Radon Example Implementation #440

juanitorduz · 2022-01-14T14:21:15Z

This PR aims to solve #439.

I have pushed the first version of the models. Here are the formulas I used:

pooled_model: log_radon ~ floor
unpooled_model: log_radon ~ 0 + county + county:floor
partial_pooling_model: log_radon ~ 0 + (0 + 1|county)
varying_intercept_model: log_radon ~ 0 + (1|county) + floor # ! How to do complete one-hot-encoding for county?
varying_intercept_slope_model: log_radon ~ 0 + (floor|county) # ! How to do complete one-hot-encoding for county?

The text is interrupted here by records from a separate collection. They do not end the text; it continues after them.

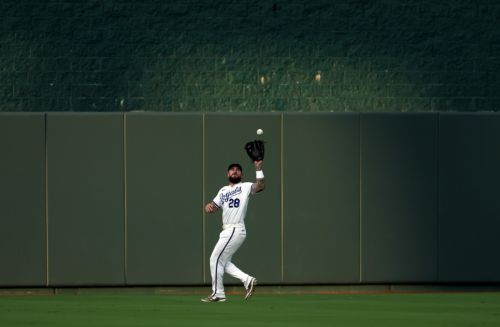 The Royals are going to have to figure out center field next year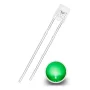 LED Dióda obdĺžniková 2x3x4mm - Zelená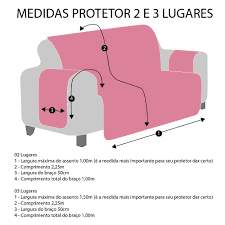 Capa De Sofa 2 E 3 Protetor De Sofa 2 Lugares Elegance Vermelho Shopcama Capa De Sofa Protetor De Sofa Forro De Sofa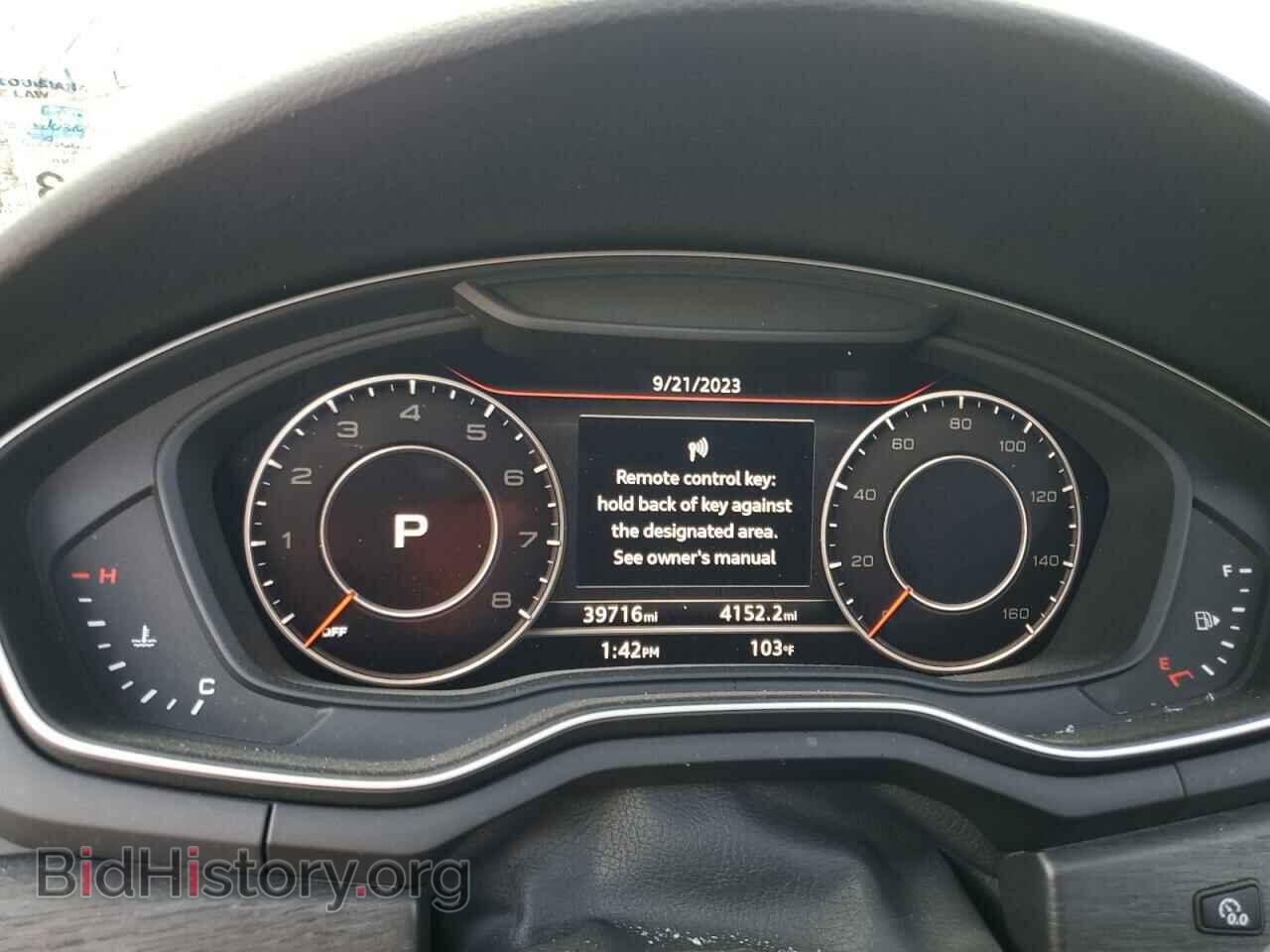 2018 AUDI A5 - VIN: WAUUNAF54JA009787 - Фото 9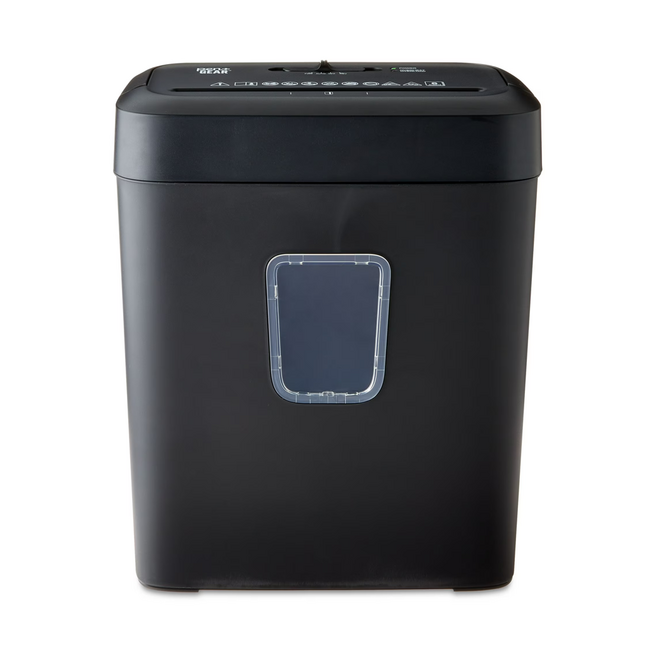 Pen Gear 6-Sheet Cross Cut Shredder
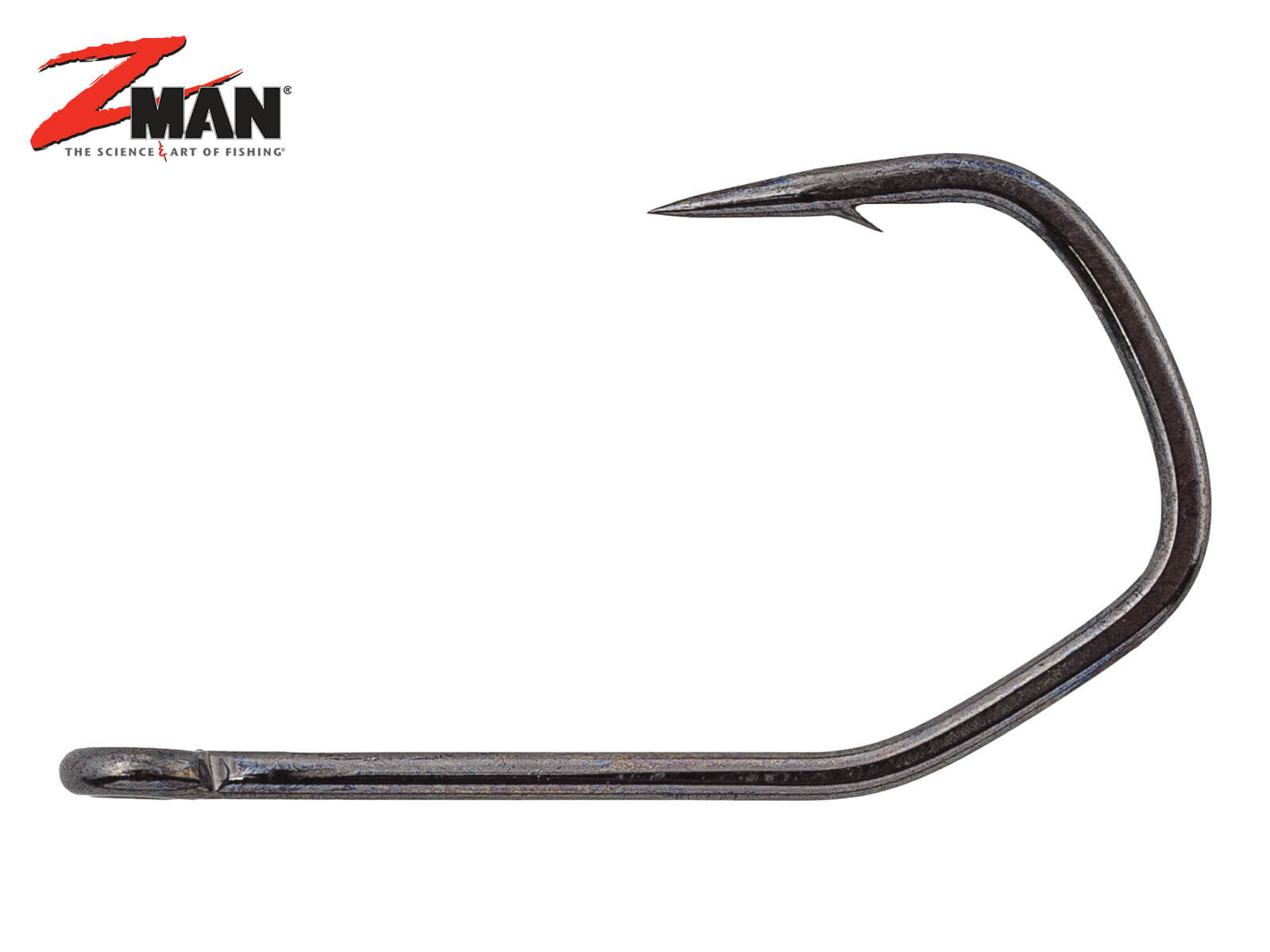 Line Through Replacment Hook - Size 5/0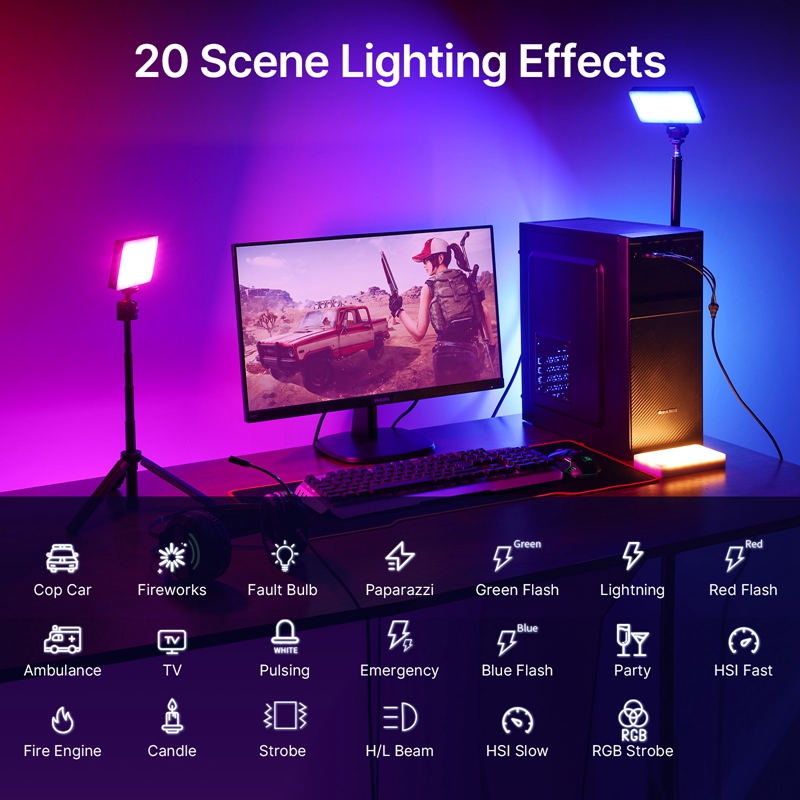 Ulanzi Lt002 7 Inch Pocket Led - Torjim Rgb Photography Video Lighting recensie en prijs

I could like to have all the countries as encoded (not removing the first one) plus I am not auto-scaling the data to make the results with the original PyMC example comparable. Does this look good? I am still getting used to the formula-like notation for hierarchical models (which is why I am working on this PR 😅 ).

After double-checking the model specification I will continue to add text and some additional plots.

review-notebook-app · 2022-01-14T14:21:18Z

Check out this pull request on

See visual diffs & provide feedback on Jupyter Notebooks.

Powered by ReviewNB

review-notebook-app · 2022-01-14T22:38:02Z

View / edit / reply to this conversation on ReviewNB

tomicapretto commented on 2022-01-14T22:38:01Z
----------------------------------------------------------------

We could convert the variable "floor" to categorical in pandas. This would help users see the advantage of Bambi when dealing with categorical predictors.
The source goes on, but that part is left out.